FreshCart Australia is a fictional online grocery retailer. Three years of transaction data: 5,000 customers, 96 SKUs, 24,074 orders, six relational tables.

The project treats this like a real commercial analytics engagement. Not a tutorial, not a data cleaning exercise. A genuine attempt to answer the questions a category manager or commercial director would actually ask on a Monday morning.

The Business Questions

Sixteen analyses, structured around four commercial priorities:

Revenue and margin health Monthly year-on-year trends, gross margin by category, state-level benchmarking. Understanding not just what is selling, but what is profitable and where.

Customer behaviour Cohort retention from the first purchase onward. RFM segmentation to identify Champions, Loyalists, At-Risk, and Churned customers. Purchase cycle analysis revealing that the typical repurchase interval is 31 to 60 days.

Promotional effectiveness Which promotions drive genuine incremental sales and which simply discount purchases that would have happened anyway. EOFY promotions carry the deepest discounts at 20%, but the ROI question is more nuanced.

Category and channel performance Coffee leads on revenue at $377K over three years. Breakfast leads on order penetration. Online channel shows consistent quarter-on-quarter growth against in-store. Market basket analysis surfaces which product combinations drive basket size.

$1.67M Total revenue across 3 years

28.9% Gross margin across the portfolio

23.8% Revenue share from Champions segment (14% of customers)

Why DuckDB

DuckDB is an in-process analytical database that runs inside a Python environment with no server setup. It is fast on columnar data, supports the full SQL standard including window functions and ROLLUP, and produces clean output inside Jupyter notebooks.

It is also increasingly relevant for analysts who need to run analytical SQL on local files or embedded datasets without standing up a data warehouse. This project was built specifically to demonstrate that workflow.

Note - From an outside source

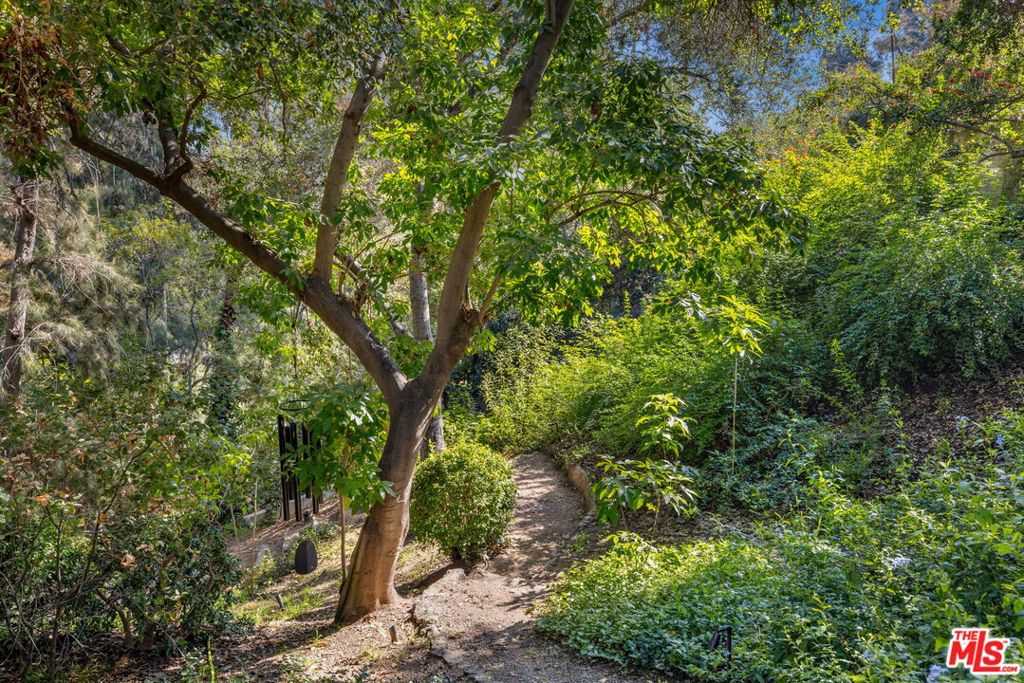 4778 Bonvue Avenue Property Photo 31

SQL Techniques Demonstrated

The project covers the techniques that separate junior SQL from senior SQL:

Window functions across every major variant: LAG, LEAD, RANK, ROW_NUMBER, NTILE, running totals
Cohort construction using first-purchase anchoring and date spine joins
RFM segmentation using NTILE quartiles with CASE-based label assignment
Self-joins for market basket (co-purchase) analysis
CROSS JOIN benchmarking for state-level performance comparison
ROLLUP aggregations for subtotal and grand total reporting
Subqueries and multi-level CTEs for stepwise analytical pipelines

The Jupyter notebook includes all query outputs pre-executed, so the analysis is readable without running any code.